Беллер пожал плечами.
— Ладно. Может, Двоюродные пищат на ультразвуке, как летучие мыши.
— С другой стороны, когда я прихлопываю муху, стол дрожит. Даже слепое и глухое существо — например, червяк — способно ощутить эти вибрации.
— К чему ты клонишь? — спросил Беллер.
— Давай поставим мысленный эксперимент, — сказал Арсибальт. — Представь себе Протесову муху. Я имею в виду чистую, идеальную муху.
— Это как?
— Одни глаза. Никаких других органов чувств.
— Ладно. Представил, — улыбнулся Беллер.
— Теперь Протесову летучую мышь.
— Одни уши?
— Да. Теперь Протесова червяка.
— Одно осязание?
— Да. Ни глаз, ни ушей, ни носа — только кожа.
— И так для каждого из пяти чувств?
— Это уже будет нудно, так что ограничимся тремя, — сказал Арсибальт. — Мы помещаем муху, летучую мышь и червя в комнату, где находится один предмет — например, свеча. Муха видит свет. Летучая мышь издаёт писк и слышит, как звук отражается от свечи. Червь чувствует тепло; он может подползти к свече и на ощупь определить её форму.

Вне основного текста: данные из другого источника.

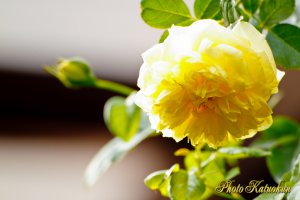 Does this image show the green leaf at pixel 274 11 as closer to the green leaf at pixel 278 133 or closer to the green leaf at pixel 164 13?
the green leaf at pixel 164 13

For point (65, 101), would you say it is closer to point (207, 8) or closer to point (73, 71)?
point (73, 71)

— Похоже на старую басню о шести слепцах и...
— Нет! — сказал Арсибальт. — Здесь смысл противоположный. Почти противоположный. У шести слепцов один и тот же сенсорный инструментарий...
Беллер понял свою ошибку и кивнул.
— Да, а у мухи, летучей мыши и червяка — разные.

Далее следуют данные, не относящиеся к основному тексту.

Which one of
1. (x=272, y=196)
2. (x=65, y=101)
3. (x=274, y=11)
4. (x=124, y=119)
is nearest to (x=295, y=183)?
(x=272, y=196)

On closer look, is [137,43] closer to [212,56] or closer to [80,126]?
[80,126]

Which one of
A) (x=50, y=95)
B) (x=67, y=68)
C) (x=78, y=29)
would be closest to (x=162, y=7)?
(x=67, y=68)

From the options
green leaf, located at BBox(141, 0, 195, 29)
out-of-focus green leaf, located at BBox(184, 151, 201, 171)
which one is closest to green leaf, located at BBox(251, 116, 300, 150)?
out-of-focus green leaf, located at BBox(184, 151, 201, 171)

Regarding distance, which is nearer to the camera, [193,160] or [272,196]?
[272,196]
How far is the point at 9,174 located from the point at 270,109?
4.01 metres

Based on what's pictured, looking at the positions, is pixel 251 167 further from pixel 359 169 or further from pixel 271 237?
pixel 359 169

— И шестеро слепцов расходятся касательно того, что они ощупывают...
— А муха, летучая мышь и червяк между собой согласны? — Беллер поднял бровь.
— Ты сомневаешься. И правильно. Но они ведь воспринимают один предмет?

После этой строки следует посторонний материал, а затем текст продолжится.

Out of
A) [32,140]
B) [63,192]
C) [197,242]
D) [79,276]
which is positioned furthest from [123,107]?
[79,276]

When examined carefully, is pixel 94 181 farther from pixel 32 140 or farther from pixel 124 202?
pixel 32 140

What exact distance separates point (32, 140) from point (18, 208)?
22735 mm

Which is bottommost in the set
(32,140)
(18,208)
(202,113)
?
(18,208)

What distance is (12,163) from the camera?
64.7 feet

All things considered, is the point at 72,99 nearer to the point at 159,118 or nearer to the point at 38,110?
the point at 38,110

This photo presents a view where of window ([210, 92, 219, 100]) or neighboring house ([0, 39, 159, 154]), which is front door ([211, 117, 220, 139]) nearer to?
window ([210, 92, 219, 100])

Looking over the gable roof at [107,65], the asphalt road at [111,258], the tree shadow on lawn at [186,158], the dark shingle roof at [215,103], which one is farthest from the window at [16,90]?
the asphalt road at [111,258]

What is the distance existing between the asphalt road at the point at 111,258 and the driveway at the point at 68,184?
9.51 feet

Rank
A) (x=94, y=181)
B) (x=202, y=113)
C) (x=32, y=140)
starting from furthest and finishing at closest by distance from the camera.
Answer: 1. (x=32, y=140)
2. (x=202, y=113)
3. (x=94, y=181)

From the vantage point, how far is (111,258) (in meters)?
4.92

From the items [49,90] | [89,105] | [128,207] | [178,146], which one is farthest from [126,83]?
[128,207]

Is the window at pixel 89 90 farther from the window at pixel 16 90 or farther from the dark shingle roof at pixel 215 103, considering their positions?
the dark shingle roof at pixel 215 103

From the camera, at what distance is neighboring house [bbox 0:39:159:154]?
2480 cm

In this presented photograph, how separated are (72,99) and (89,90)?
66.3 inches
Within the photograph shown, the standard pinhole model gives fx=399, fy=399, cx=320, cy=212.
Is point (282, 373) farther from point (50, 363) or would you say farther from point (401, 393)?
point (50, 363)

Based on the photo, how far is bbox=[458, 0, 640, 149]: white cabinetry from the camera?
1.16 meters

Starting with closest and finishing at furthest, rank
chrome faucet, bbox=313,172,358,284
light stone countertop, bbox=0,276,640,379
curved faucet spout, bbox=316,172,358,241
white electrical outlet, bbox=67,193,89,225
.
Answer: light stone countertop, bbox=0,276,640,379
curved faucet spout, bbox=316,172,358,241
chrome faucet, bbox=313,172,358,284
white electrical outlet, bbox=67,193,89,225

— Конечно, — сказал Беллер. — Но я не понимаю, что ты имеешь в виду, когда говоришь, что они между собой согласны.
— Вопрос чрезвычайно интересный, рассмотрим его подробнее. Давай немного изменим правила, — сказал Арсибальт, — чтобы ставки были выше и чтобы мухе, летучей мыши и червяку пришлось согласиться. Теперь у нас посредине комнаты не свеча, а ловушка.
— Ловушка? — хмыкнул Беллер.
Арсибальт сделал важное лицо.
— И в чём смысл? — спросил Беллер.
— Появилась угроза. Они должны понять, что это ловушка, чтоб в неё не попасться.
— Почему не рука, которая собирается их прихлопнуть?
— Я об этом думал, — признал Арсибальт. — Но мы должны помнить о бедном червяке, который воспринимает всё куда медленнее, чем муха или летучая мышь.
— Хорошо, — сказал Беллер. — Думаю, они все рано или поздно попадутся в ловушку.
— Они очень умные, — вставил Арсибальт.
— И всё равно...
— Ладно. Пусть у нас есть целая пещера с миллионами мух, летучих мышей и червяков. В пещере тысячи ловушек. Когда кто-нибудь в них попадается, остальные делают из трагедии выводы.
Беллер, раздумывая над ответом, потянулся за добавкой овощей. Наконец он сказал:
— Наверное, ты клонишь к тому, что со временем, после большого числа жертв, мухи узнают, как ловушка выглядит, летучие мыши научатся отличать её эхо, а червяки запомнят, какая она на ощупь.
— Люди, которые ставят ловушки, намерены истребить всё живое в пещере. Они постоянно придумывают ловушки новых видов и форм.
— Ладно, — сказал Беллер. — Значит, мухи, летучие мыши и червяки должны быть настолько умны, чтобы опознавать ловушки любого образца.
— Ловушки могут выглядеть как угодно, — сказал Арсибальт. — Как только в пещере появляется что-то новое, мухи, мыши и червяки должны определить, ловушка ли это.